• _Supplied data_
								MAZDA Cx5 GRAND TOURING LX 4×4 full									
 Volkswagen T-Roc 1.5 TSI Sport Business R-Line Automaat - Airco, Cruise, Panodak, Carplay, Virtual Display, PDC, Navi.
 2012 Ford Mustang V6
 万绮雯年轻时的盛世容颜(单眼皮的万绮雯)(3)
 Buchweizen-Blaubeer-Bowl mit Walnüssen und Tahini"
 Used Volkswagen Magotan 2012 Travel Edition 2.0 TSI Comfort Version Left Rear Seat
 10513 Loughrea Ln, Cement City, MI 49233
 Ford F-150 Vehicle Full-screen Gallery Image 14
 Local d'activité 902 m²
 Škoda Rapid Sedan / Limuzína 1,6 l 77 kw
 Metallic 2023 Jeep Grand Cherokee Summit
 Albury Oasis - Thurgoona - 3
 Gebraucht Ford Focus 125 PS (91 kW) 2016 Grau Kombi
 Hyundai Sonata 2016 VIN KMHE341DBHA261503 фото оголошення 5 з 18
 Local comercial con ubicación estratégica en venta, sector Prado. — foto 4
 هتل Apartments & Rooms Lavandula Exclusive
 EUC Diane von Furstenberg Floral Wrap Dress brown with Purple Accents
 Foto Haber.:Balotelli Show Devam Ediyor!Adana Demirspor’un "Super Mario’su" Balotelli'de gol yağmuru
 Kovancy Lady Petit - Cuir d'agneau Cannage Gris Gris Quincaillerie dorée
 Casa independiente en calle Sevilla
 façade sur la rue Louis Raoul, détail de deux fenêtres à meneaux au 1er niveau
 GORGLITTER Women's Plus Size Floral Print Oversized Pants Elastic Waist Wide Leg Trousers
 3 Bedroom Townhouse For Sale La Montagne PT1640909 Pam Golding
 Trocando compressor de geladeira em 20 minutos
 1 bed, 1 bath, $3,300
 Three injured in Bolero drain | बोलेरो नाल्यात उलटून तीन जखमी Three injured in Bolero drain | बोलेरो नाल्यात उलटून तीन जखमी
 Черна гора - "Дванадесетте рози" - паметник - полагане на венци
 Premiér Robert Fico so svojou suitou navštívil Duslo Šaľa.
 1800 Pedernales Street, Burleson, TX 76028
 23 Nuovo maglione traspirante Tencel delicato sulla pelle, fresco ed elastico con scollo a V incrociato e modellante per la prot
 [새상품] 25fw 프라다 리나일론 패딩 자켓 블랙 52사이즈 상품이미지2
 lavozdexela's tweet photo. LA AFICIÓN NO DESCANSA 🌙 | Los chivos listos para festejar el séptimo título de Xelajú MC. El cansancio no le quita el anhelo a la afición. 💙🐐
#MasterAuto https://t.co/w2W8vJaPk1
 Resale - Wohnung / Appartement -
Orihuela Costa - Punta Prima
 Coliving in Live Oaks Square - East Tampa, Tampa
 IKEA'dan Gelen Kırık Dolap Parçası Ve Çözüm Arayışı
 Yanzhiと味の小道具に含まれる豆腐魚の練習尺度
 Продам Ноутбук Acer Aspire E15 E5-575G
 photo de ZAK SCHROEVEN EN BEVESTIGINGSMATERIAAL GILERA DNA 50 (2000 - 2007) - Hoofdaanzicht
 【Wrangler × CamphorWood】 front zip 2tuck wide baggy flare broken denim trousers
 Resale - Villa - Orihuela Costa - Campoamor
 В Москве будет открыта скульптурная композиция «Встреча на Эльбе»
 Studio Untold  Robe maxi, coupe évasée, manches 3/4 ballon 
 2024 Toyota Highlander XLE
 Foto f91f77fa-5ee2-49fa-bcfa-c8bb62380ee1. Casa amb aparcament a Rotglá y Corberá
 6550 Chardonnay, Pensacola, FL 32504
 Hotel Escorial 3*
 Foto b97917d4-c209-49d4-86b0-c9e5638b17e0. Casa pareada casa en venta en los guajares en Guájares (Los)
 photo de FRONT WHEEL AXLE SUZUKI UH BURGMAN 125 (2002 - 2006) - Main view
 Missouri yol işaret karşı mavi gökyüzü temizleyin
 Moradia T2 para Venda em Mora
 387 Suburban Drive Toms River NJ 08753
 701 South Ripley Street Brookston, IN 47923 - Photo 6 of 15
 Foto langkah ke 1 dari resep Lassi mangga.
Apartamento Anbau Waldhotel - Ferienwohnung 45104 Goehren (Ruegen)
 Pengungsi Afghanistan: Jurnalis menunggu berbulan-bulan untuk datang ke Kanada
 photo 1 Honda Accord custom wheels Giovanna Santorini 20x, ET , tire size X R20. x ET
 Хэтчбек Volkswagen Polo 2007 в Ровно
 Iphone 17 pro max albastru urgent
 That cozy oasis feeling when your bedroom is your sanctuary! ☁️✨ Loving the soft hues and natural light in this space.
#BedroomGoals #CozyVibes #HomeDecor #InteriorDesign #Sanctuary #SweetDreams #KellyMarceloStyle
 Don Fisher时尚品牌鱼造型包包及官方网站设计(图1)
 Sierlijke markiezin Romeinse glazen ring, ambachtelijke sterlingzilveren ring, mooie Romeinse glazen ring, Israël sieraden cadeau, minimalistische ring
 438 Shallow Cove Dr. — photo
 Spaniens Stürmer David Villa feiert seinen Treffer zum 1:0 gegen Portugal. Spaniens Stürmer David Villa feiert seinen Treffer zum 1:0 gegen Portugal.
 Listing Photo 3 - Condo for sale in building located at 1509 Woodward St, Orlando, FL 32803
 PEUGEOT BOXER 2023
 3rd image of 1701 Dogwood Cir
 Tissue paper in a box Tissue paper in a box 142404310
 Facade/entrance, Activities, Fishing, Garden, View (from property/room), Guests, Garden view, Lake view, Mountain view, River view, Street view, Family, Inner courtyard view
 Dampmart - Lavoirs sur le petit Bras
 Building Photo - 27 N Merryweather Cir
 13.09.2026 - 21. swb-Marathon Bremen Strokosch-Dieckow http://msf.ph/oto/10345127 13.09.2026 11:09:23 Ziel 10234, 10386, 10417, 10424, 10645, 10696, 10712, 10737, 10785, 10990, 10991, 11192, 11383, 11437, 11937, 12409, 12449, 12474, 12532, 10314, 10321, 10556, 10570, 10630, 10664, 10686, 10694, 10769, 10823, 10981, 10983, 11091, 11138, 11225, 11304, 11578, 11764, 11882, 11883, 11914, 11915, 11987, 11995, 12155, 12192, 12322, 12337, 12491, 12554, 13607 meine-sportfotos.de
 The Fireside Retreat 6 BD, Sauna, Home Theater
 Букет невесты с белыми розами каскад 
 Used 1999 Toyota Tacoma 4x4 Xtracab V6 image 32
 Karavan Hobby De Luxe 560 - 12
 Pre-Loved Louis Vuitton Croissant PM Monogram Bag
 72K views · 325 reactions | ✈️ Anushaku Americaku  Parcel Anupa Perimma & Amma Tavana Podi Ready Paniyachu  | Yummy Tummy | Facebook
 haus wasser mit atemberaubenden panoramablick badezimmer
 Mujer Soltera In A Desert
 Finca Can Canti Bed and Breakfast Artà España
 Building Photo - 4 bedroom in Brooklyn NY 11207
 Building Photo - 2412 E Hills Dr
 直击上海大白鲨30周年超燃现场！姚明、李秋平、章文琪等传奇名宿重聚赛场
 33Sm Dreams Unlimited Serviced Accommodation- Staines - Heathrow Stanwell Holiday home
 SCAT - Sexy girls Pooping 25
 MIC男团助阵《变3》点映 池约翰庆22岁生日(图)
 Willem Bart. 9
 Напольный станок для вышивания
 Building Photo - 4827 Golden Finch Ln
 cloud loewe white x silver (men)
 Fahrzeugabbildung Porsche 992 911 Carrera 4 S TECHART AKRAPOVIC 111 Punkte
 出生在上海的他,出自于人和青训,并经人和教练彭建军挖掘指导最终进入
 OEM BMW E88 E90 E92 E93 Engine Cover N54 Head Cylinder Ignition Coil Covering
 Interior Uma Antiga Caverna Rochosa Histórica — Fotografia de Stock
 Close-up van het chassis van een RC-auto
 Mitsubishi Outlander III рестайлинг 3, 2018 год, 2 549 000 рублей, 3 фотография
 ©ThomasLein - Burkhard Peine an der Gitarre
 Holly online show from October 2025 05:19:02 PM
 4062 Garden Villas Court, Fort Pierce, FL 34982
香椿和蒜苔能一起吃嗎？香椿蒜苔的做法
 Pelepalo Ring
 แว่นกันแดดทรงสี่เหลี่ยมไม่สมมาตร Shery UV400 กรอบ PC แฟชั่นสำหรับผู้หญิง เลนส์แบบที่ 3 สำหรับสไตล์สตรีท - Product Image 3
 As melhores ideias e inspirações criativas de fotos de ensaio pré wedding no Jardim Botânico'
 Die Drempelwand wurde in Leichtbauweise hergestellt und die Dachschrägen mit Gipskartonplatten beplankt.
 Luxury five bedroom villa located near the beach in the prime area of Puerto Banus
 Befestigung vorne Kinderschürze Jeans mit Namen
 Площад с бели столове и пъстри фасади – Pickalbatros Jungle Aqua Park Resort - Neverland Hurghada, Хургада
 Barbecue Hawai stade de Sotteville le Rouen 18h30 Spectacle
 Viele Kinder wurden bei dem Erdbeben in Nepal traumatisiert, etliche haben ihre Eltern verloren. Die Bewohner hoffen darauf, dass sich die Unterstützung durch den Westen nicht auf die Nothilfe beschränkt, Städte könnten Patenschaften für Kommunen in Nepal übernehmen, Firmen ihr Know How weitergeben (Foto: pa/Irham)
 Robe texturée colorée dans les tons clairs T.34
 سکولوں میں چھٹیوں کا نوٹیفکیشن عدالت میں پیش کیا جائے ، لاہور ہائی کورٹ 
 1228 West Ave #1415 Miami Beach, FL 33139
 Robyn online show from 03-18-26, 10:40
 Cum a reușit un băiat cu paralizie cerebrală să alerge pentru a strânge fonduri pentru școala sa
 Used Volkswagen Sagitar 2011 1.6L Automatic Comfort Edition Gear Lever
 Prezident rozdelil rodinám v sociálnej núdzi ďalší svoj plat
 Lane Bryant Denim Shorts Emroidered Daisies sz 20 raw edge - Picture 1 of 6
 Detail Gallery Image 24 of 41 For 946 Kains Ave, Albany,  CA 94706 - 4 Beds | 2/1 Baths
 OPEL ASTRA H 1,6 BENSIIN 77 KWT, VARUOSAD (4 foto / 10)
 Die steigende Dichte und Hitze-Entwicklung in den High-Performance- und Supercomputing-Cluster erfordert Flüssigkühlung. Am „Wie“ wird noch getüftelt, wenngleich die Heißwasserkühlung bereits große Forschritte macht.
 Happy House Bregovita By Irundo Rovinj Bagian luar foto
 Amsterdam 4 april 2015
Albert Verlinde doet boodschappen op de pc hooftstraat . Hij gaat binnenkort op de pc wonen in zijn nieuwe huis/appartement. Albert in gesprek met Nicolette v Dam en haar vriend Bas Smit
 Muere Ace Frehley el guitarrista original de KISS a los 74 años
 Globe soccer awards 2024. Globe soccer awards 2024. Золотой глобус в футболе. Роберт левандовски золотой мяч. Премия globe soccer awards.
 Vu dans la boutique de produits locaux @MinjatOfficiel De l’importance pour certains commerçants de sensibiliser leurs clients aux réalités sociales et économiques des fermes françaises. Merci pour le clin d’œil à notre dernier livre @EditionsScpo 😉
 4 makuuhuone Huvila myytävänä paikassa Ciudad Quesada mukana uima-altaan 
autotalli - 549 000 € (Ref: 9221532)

• _About this task_
Only the lines from the beginning of the material through the line with "Local comercial con" should appear in the answer, each copied exactly.

• _Exercise response_
								MAZDA Cx5 GRAND TOURING LX 4×4 full									
 Volkswagen T-Roc 1.5 TSI Sport Business R-Line Automaat - Airco, Cruise, Panodak, Carplay, Virtual Display, PDC, Navi.
 2012 Ford Mustang V6
 万绮雯年轻时的盛世容颜(单眼皮的万绮雯)(3)
 Buchweizen-Blaubeer-Bowl mit Walnüssen und Tahini"
 Used Volkswagen Magotan 2012 Travel Edition 2.0 TSI Comfort Version Left Rear Seat
 10513 Loughrea Ln, Cement City, MI 49233
 Ford F-150 Vehicle Full-screen Gallery Image 14
 Local d'activité 902 m²
 Škoda Rapid Sedan / Limuzína 1,6 l 77 kw
 Metallic 2023 Jeep Grand Cherokee Summit
 Albury Oasis - Thurgoona - 3
 Gebraucht Ford Focus 125 PS (91 kW) 2016 Grau Kombi
 Hyundai Sonata 2016 VIN KMHE341DBHA261503 фото оголошення 5 з 18
 Local comercial con ubicación estratégica en venta, sector Prado. — foto 4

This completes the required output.